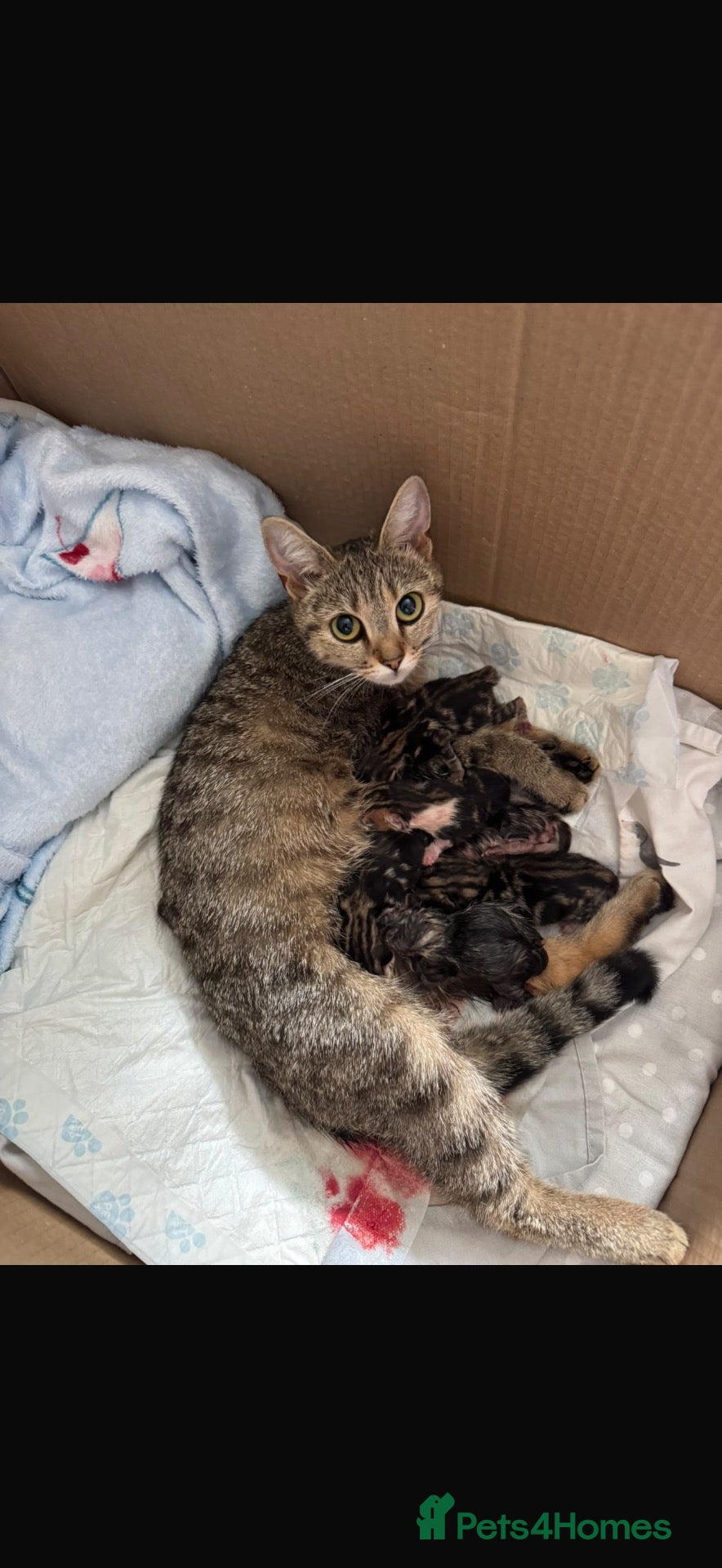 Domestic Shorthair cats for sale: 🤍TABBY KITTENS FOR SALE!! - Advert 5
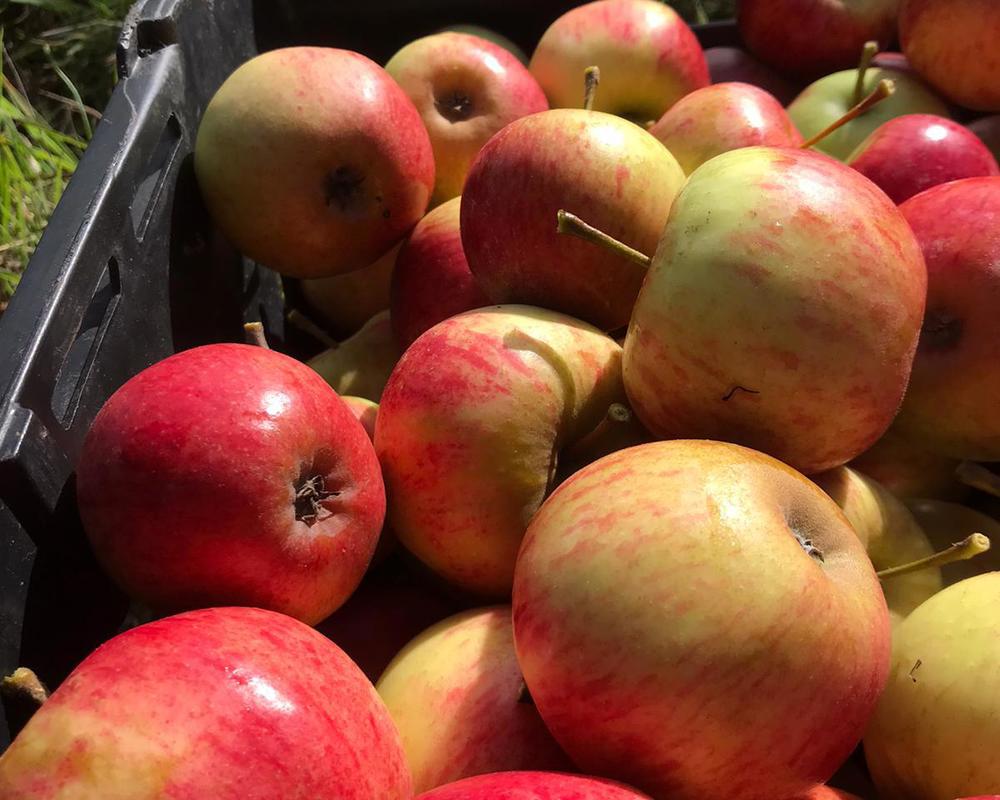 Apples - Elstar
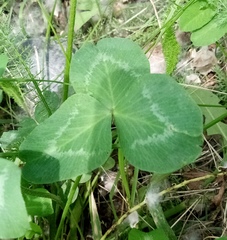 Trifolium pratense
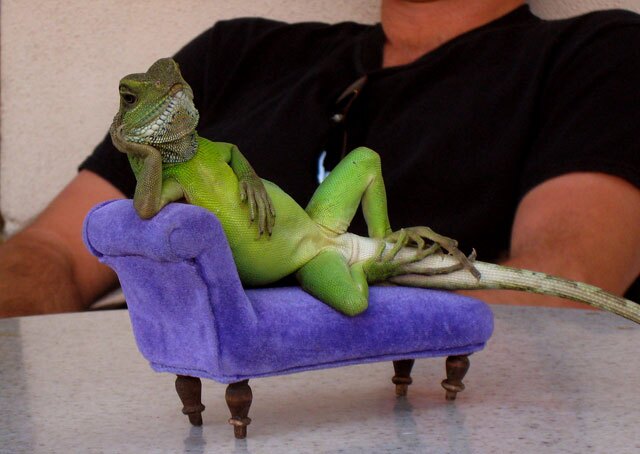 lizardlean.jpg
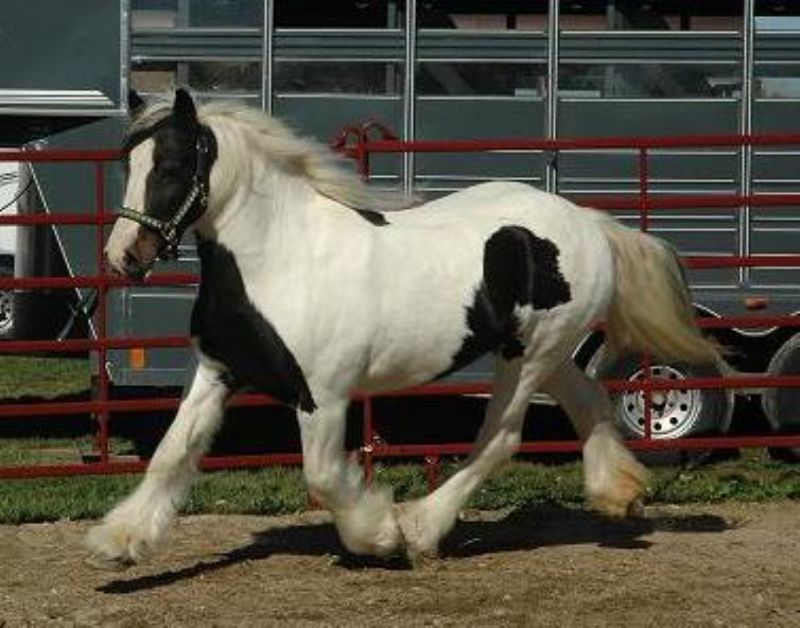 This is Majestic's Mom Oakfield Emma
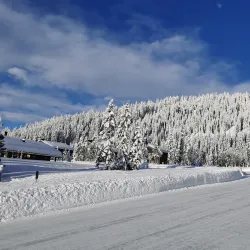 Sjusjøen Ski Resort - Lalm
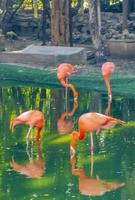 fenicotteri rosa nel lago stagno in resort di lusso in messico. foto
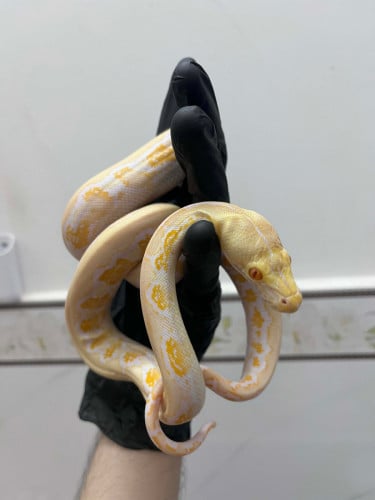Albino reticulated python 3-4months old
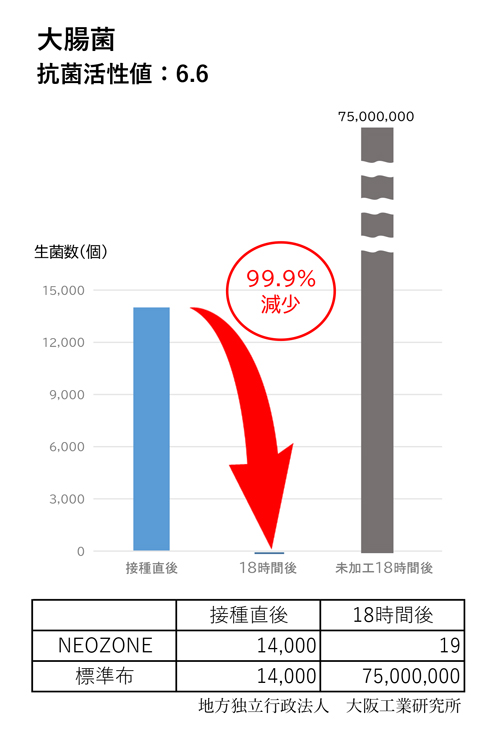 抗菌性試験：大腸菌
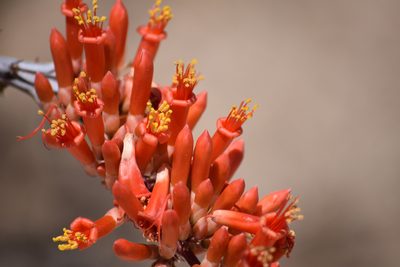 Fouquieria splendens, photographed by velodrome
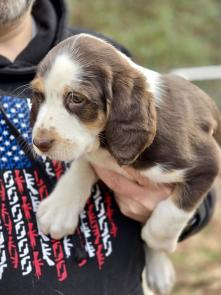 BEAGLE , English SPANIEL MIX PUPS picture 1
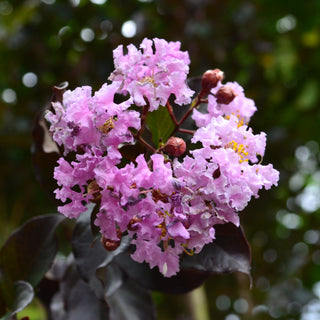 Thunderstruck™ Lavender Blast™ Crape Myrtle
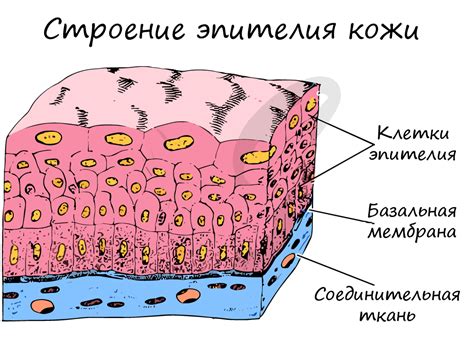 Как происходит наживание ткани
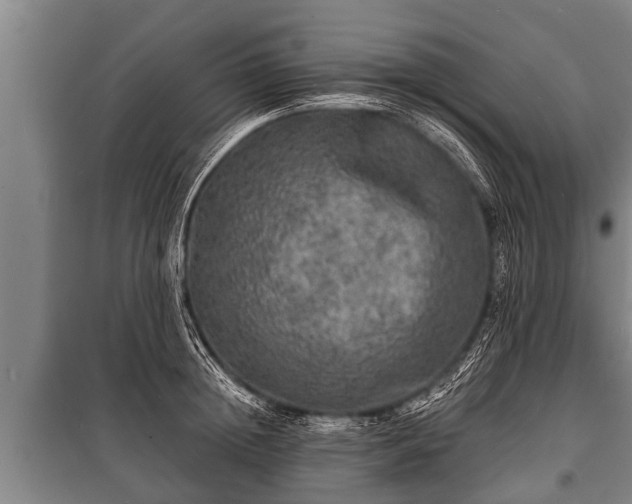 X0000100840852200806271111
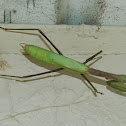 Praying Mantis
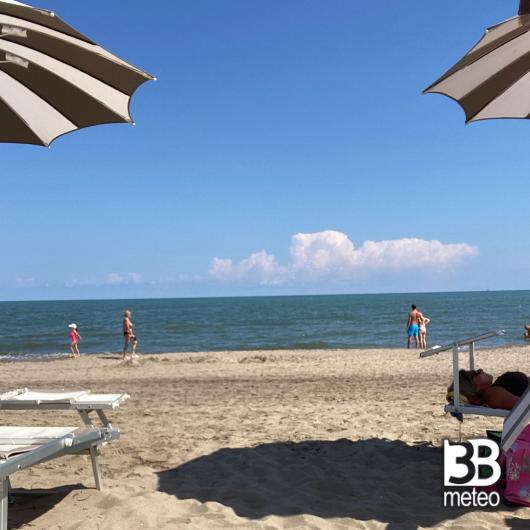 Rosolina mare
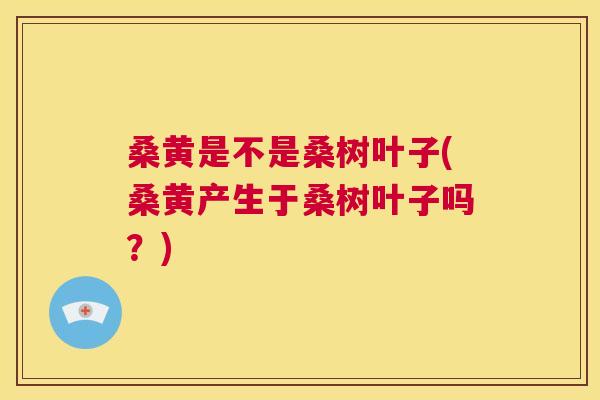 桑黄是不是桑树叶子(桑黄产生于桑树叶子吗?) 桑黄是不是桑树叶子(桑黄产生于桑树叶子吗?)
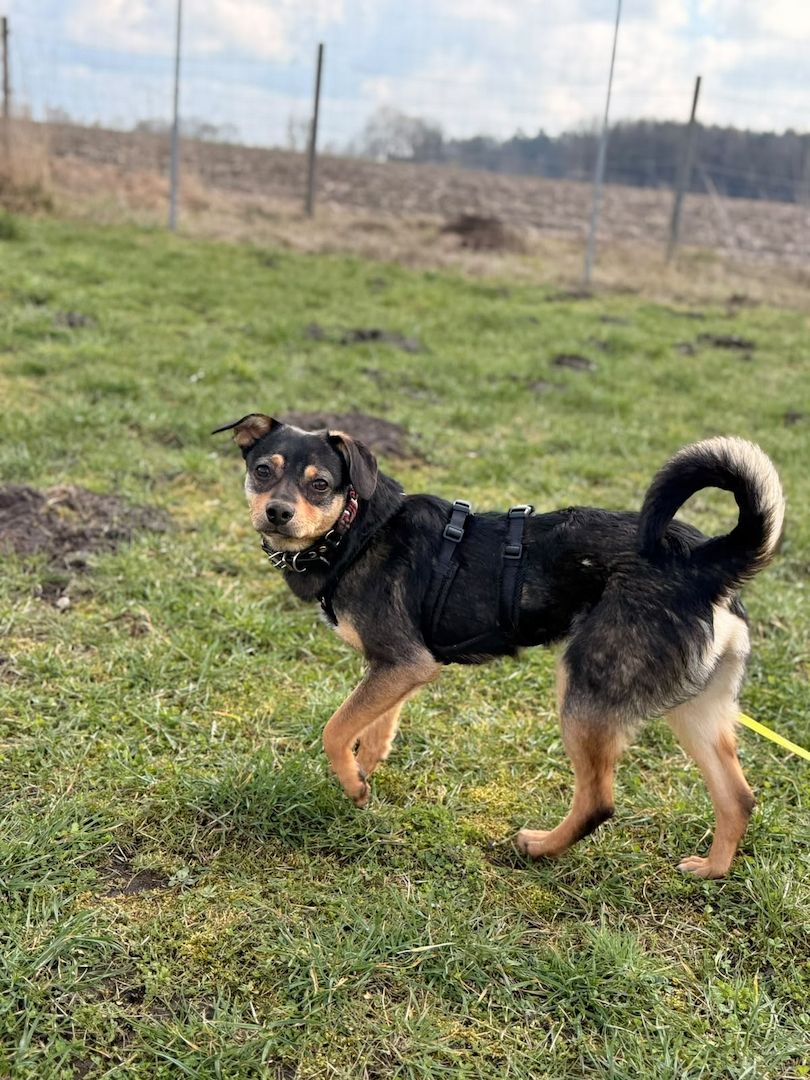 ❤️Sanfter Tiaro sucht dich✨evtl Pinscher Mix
++++++++++
# EXERCISE DESCRIPTION
Exactly the lines from the one with "Rosolina mare" through the end of the records should be written out, and only those. Pictures do not belong in the copy.

# RESULT
 Rosolina mare
 桑黄是不是桑树叶子(桑黄产生于桑树叶子吗?) 桑黄是不是桑树叶子(桑黄产生于桑树叶子吗?)
 ❤️Sanfter Tiaro sucht dich✨evtl Pinscher Mix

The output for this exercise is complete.